#### Exercise details
Would you please repeat, word for word, only the lines from the one holding "Hiányzó fedél bejelentés helye" through the one holding "Used Volkswagen Jetta" in the material below, without the pictures?

#### Listed entries
-------------------------

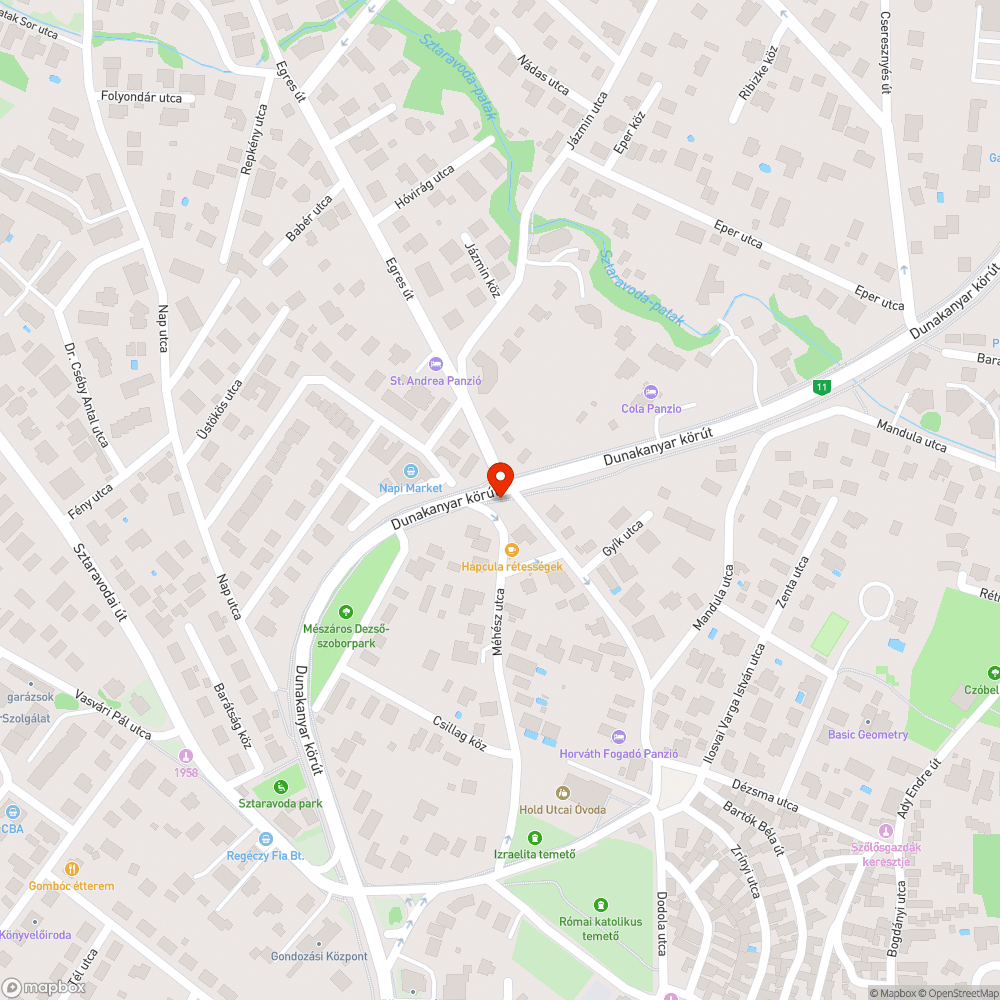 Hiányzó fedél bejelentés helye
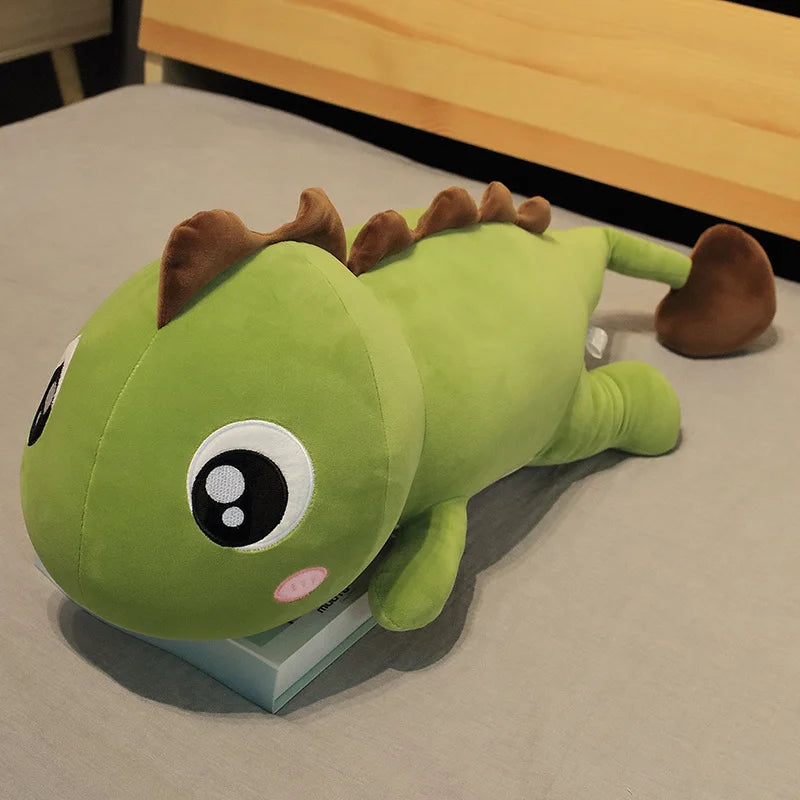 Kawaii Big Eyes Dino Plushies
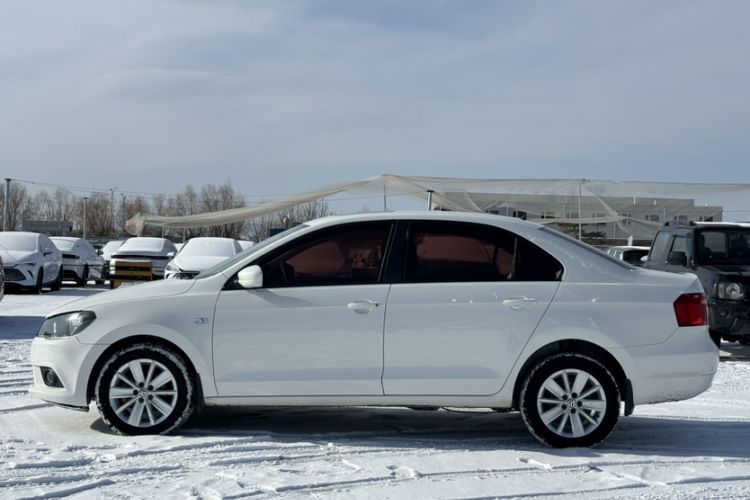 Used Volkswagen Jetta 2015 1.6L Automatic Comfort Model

-------------------------

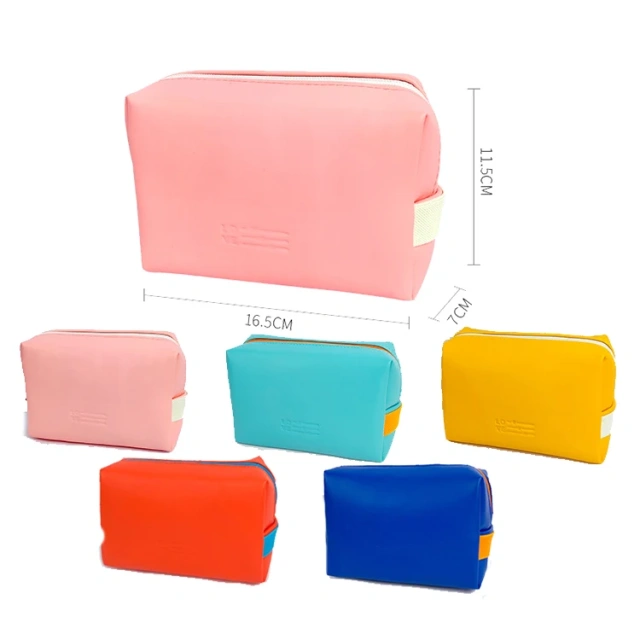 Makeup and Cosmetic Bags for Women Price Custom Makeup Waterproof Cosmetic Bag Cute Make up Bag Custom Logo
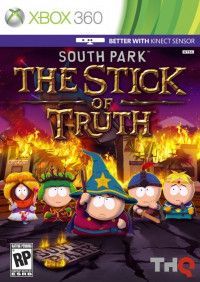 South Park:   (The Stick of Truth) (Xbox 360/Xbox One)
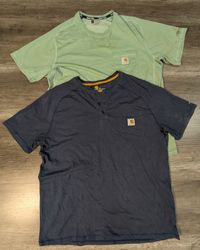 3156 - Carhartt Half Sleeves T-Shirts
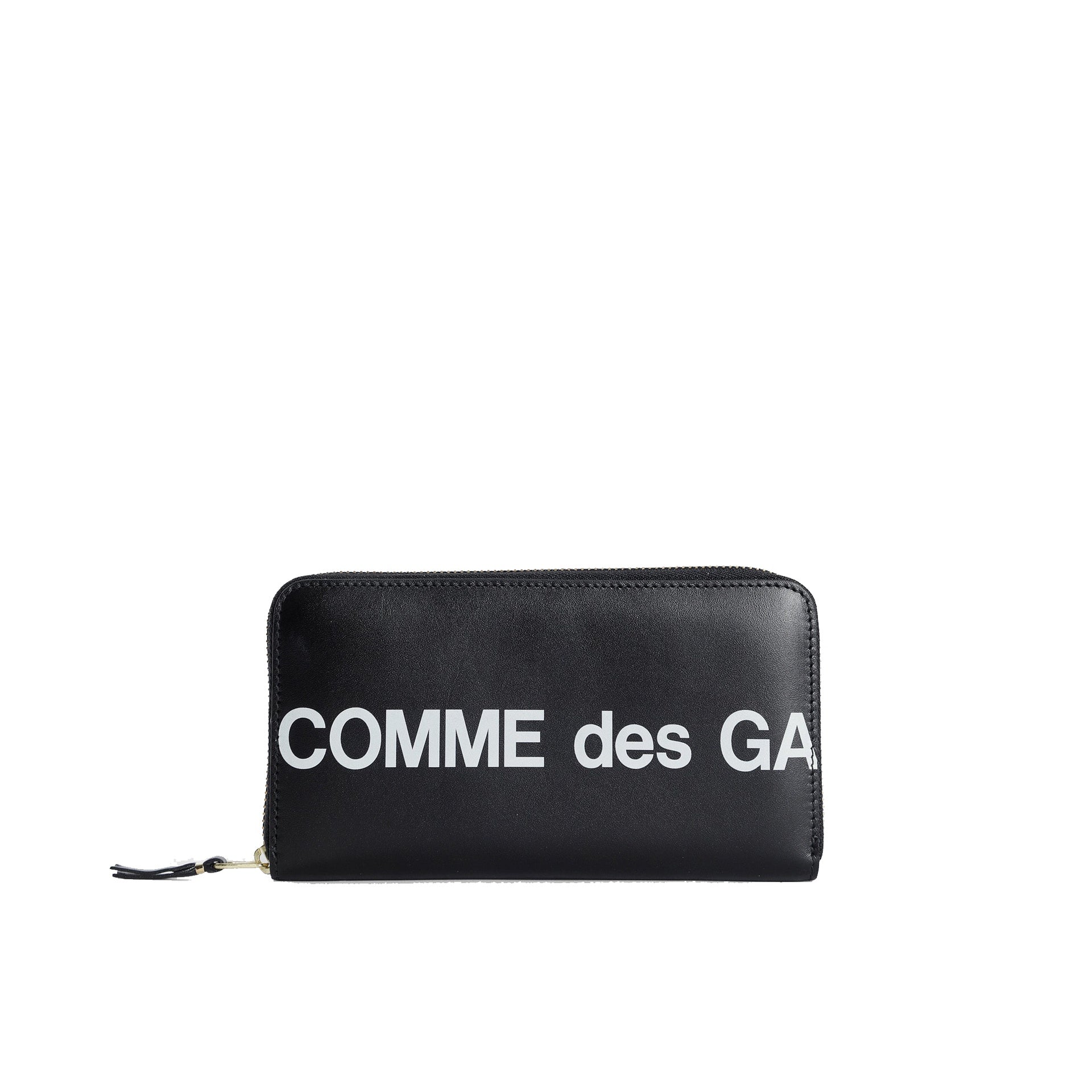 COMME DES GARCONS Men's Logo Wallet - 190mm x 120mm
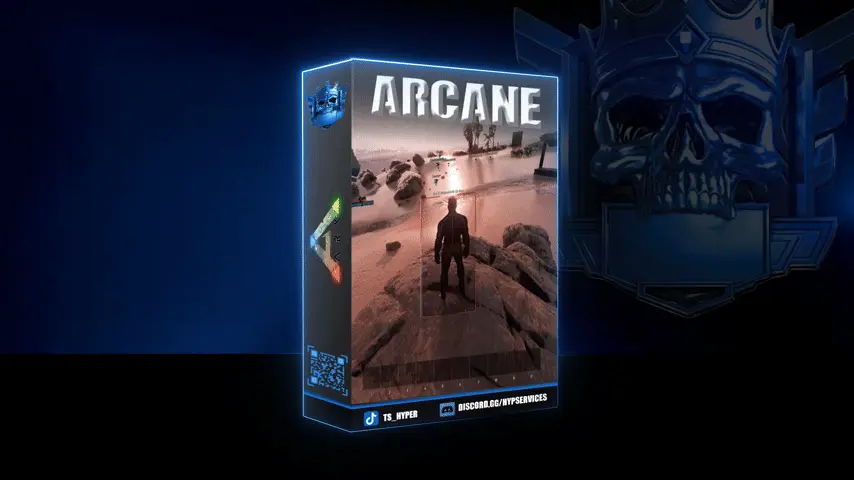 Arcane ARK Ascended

-------------------------

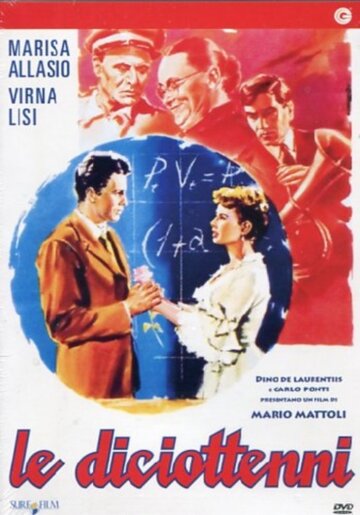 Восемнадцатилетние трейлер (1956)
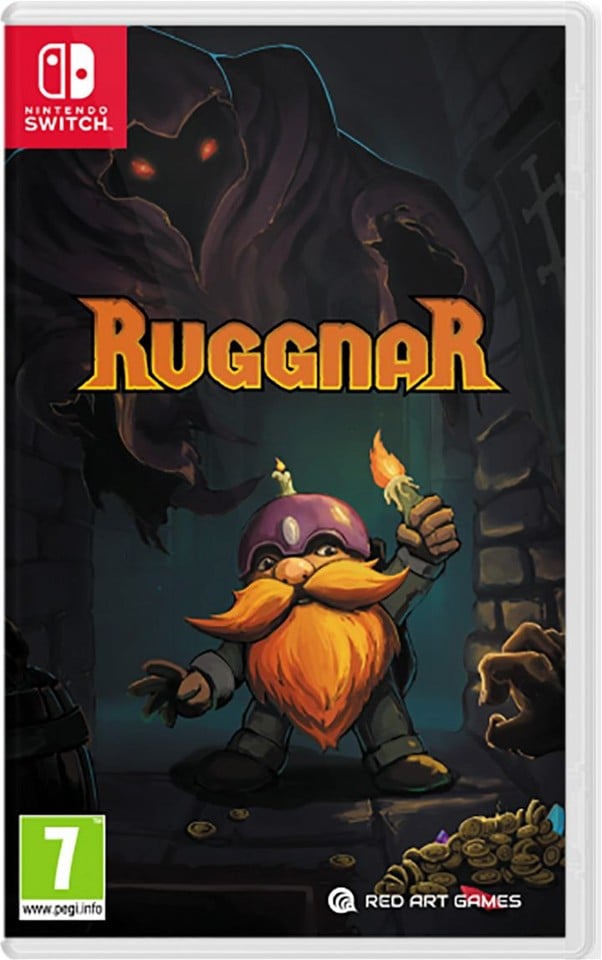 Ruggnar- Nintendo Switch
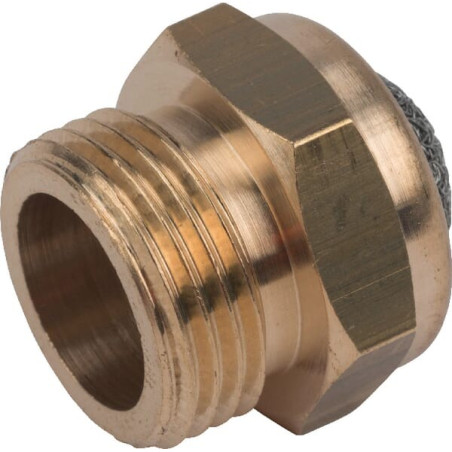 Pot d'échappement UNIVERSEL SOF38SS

-------------------------

#### Reply to the task
 Hiányzó fedél bejelentés helye
 Kawaii Big Eyes Dino Plushies
 Used Volkswagen Jetta 2015 1.6L Automatic Comfort Model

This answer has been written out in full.